**Records for this task**.
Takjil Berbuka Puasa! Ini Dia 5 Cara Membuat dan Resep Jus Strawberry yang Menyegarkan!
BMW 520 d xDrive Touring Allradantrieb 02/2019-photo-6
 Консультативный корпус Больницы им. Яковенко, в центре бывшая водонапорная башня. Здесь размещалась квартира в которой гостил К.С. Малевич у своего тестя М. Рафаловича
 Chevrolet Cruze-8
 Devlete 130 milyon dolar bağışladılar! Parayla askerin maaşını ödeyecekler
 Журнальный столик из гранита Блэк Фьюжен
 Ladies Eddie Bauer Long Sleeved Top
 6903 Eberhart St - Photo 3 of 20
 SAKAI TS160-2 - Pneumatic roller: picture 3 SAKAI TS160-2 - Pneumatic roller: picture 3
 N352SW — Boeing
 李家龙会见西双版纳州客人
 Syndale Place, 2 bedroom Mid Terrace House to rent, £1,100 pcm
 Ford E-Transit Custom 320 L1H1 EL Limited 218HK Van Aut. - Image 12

**Directions**.
Make an exact copy of the material above.

**Answer box**.
Takjil Berbuka Puasa! Ini Dia 5 Cara Membuat dan Resep Jus Strawberry yang Menyegarkan!
BMW 520 d xDrive Touring Allradantrieb 02/2019-photo-6
 Консультативный корпус Больницы им. Яковенко, в центре бывшая водонапорная башня. Здесь размещалась квартира в которой гостил К.С. Малевич у своего тестя М. Рафаловича
 Chevrolet Cruze-8
 Devlete 130 milyon dolar bağışladılar! Parayla askerin maaşını ödeyecekler
 Журнальный столик из гранита Блэк Фьюжен
 Ladies Eddie Bauer Long Sleeved Top
 6903 Eberhart St - Photo 3 of 20
 SAKAI TS160-2 - Pneumatic roller: picture 3 SAKAI TS160-2 - Pneumatic roller: picture 3
 N352SW — Boeing
 李家龙会见西双版纳州客人
 Syndale Place, 2 bedroom Mid Terrace House to rent, £1,100 pcm
 Ford E-Transit Custom 320 L1H1 EL Limited 218HK Van Aut. - Image 12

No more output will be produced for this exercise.